Great episode, next weeks looks "fun"  

So who do you see in the final 2 at this stage


----------



## Wraakgodin (Jun 17, 2006)

Sammysmiles said:


> On a lighter note the family have been contacted by a major red top for stories on my cousin. I need a new car and will sing like a bird  kidding, no way! But you can see why peoples morals go by the wayside. Nasty newspapers


Hold out until she wins, the price of your singing would be worth more!!!!! 

Sue


----------



## hbrodie (Aug 17, 2007)

I am so glad that horrible melissa went. did you hear hpw rude she was to the 2 men as she left the board room! unbelievable! then they tried to shake her hand as they left and she pudhed them away. she was so rude, and crap at pitching, she deserved to go. 

wonderful work from Liz    I was watching her and thinking 'sammy will be cheering all the way at this one!'


----------



## LittleMissM (Jul 23, 2010)

I agree that Mellissa so deserved to go she was horrid to the men as they left and she didnt even have the dignity to say she was wrong and sorry on the your fired show!

I like Palmina (sp) she handles the situation in Soho well not getting further into the catty fight and showing respect. I think she will be one to watch.

Liz also did fab, so could we have an all girl final again??  

The marine is good, but havent seen a lot of him, didnt he get arressted before the show? How did that go down with Lord Sugar? - Still want to call him Sir!


----------



## Guest (Oct 28, 2010)

Wow, didn't Liz do well!!  As soon as they mentioned they were going to Peterborough, I knew the customer was Kiddiecare as I bet many here did too.  Totally up their street too.  Can't believe the size of the order!
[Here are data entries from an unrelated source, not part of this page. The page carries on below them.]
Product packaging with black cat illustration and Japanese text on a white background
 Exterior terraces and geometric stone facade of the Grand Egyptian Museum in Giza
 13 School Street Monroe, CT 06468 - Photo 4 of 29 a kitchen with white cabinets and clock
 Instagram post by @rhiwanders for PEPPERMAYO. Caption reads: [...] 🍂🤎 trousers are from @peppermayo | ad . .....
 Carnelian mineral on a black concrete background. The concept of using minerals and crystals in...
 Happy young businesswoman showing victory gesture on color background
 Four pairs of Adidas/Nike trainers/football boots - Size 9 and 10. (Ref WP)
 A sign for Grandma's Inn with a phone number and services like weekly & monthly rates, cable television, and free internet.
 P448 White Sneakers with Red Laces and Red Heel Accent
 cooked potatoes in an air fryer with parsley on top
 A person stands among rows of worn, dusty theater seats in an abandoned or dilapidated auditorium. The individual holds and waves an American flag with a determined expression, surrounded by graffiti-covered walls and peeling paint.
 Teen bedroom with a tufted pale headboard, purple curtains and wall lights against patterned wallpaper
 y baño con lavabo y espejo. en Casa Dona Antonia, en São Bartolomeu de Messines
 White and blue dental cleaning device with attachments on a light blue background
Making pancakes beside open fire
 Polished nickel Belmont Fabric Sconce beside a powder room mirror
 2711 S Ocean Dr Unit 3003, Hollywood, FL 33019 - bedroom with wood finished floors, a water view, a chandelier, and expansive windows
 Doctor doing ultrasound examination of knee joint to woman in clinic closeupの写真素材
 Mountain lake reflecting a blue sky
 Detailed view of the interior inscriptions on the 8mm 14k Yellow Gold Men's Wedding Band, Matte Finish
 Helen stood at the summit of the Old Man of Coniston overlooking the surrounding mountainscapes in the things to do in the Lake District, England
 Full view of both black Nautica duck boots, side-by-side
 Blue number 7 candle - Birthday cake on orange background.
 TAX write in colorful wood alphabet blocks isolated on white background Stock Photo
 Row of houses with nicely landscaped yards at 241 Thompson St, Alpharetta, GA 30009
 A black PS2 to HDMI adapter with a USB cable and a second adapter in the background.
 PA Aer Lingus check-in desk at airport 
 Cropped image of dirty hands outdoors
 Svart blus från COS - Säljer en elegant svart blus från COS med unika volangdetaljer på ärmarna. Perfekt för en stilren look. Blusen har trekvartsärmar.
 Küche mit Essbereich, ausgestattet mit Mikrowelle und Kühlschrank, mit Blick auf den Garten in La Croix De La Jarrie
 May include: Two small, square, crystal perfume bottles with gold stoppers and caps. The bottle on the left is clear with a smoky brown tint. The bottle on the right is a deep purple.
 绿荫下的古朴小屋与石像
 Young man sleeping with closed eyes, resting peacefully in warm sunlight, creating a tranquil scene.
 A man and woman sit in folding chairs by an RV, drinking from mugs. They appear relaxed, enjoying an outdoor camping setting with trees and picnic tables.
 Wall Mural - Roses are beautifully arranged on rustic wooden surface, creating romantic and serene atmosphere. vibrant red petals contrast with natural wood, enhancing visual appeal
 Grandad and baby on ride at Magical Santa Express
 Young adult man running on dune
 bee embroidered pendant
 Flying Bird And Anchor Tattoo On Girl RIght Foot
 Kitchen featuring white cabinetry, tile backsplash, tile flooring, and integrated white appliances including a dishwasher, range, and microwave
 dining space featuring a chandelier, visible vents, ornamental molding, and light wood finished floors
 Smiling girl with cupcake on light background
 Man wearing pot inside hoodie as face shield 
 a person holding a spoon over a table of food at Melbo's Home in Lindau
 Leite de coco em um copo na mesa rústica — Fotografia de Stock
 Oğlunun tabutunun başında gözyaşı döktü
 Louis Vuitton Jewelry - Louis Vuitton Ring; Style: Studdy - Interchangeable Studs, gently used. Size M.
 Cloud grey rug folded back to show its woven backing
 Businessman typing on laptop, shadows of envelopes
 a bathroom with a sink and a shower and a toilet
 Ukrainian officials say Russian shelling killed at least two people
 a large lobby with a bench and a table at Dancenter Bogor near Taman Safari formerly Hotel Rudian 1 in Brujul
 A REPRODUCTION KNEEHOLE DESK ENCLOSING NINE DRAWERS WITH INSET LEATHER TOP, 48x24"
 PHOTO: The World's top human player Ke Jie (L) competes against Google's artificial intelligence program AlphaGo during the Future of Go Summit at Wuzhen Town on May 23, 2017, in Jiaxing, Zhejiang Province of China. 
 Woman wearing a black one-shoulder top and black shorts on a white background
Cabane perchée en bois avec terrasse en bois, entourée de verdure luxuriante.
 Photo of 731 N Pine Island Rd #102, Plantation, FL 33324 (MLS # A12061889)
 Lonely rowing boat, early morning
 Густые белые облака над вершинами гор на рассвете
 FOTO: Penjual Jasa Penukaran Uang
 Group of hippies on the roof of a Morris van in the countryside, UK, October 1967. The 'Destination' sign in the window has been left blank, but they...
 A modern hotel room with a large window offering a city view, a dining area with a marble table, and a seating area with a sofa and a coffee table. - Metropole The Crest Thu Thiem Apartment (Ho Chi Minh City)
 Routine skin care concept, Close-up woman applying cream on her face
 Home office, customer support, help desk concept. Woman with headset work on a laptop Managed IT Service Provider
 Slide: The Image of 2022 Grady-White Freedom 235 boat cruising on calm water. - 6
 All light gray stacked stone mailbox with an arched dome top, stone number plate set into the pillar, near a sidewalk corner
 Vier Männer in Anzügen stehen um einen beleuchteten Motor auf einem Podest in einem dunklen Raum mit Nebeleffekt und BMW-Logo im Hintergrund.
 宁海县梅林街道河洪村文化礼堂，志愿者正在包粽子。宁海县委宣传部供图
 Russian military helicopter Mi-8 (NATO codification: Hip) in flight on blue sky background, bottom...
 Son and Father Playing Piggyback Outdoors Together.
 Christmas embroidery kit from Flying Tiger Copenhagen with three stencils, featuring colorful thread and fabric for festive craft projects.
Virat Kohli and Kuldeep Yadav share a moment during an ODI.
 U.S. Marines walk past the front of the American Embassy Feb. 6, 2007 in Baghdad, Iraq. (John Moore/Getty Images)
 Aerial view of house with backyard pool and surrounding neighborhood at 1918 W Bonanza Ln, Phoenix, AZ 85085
Interesting that Melissa has totally changed her look - anyone seen 'You're Fired'.  No way would anyone want to employ 'Lady Gaga' she was atrocious, rude, immature....


----------



## LittleMissM (Jul 23, 2010)

Not 100% sure on the new style though! Still looks wig like!


----------



## Mish3434 (Dec 14, 2004)

I thought Liz was fab last night.  Melissa was the right one to go, very strange LOL

I think final 2 will be Liz and maybe Christopher

xx


----------



## LittleMissM (Jul 23, 2010)

Out of interest would any of you mums buy the baby glow?
They are selling them at £29.95 for 2.


----------



## Siobhan1 (Jun 24, 2004)

Sue33 said:


> Out of interest would any of you mums buy the baby glow?
> They are selling them at £29.95 for 2.


I wouldn't. I am sure it must have people panicking over a half a degree temp rise


----------



## Mish3434 (Dec 14, 2004)

I must admit with DD her average temp has always been 37.2/37.3 so it would be changing colour all the time, but DS is usually around 36.6, so for this reason I probably wouldn't! Also I'm a somewhat paranoid Mum at the best of times so would more than likely have made me worse   

I bet their sales have gone through the roof today!!!


----------



## hbrodie (Aug 17, 2007)

I was thinking about the babyglo as they were pitching it TBH. I had concerns;

how many washes will it still work after?
can it be ironed / tumble dried?
will it make people rely on it to tell them if their LO is ok, when really they need instinct, common sense and a room thermometer.

no, I would not buy one. and I also thought the packaging looked dodgy and cheap   

I wish we could have a kiddicare near us, it would be like a child in a sweet shop for me


----------



## Pingu (Sep 7, 2005)

Sue33 said:


> The marine is good, but havent seen a lot of him, didnt he get arressted before the show? How did that go down with Lord Sugar? - Still want to call him Sir!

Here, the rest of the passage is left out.